Several weeks ago, a candidate for the United States Senate for the State of Missouri delivered himself of some sort of backhanded approval of “legitimate” rape. It is important for us to realize that one of the things that politicians do, which is most detestable, is pollute our language. They do it sometimes by indirection, sometimes by excess, sometimes by exaggeration, and sometimes by outright lying.

Consider that legitimate means lawful, right, acceptable, within the bounds of human moral conduct. If you see it in that way it is obviously a ridiculous expression. There is not, never was, and cannot be anything such as legitimate rape. Anyone running for public office in the United States should have been well aware of this before the words were uttered.

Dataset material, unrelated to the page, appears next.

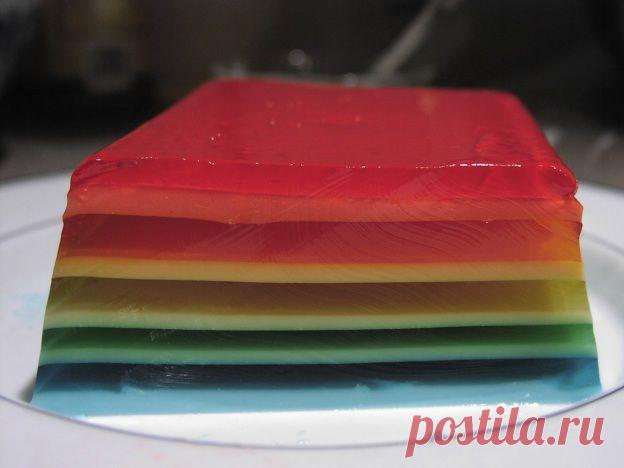 Как сделать желе из желатина - приготовление желе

All human beings know that forced sexual activity is always against our nature and that when our nature is debased by such activity, it says much unfavorable about us and that we should keep in mind. When we speak of such activity, whether we are politicians or not, we should always keep it in the correct context and not further debase ourselves by minimizing, with our language, how deplorable and unacceptable rape is to all people.

One of the things horrifying the American public this past summer has been the number of crimes of gun violence where many innocent people have been wounded or killed in senseless acts of violence by people who are usually deranged.

In our horror at these acts we wonder, “Where do perpetrators get the ideas that this sort of activity is in some sense ennobling?” They get it because they live in a country where the most innocent of our fellow citizens are put to death willy-nilly, sometimes by doctors and nurses who are sworn to preserve life, not to destroy it. Our society approves this destruction through legal abortion.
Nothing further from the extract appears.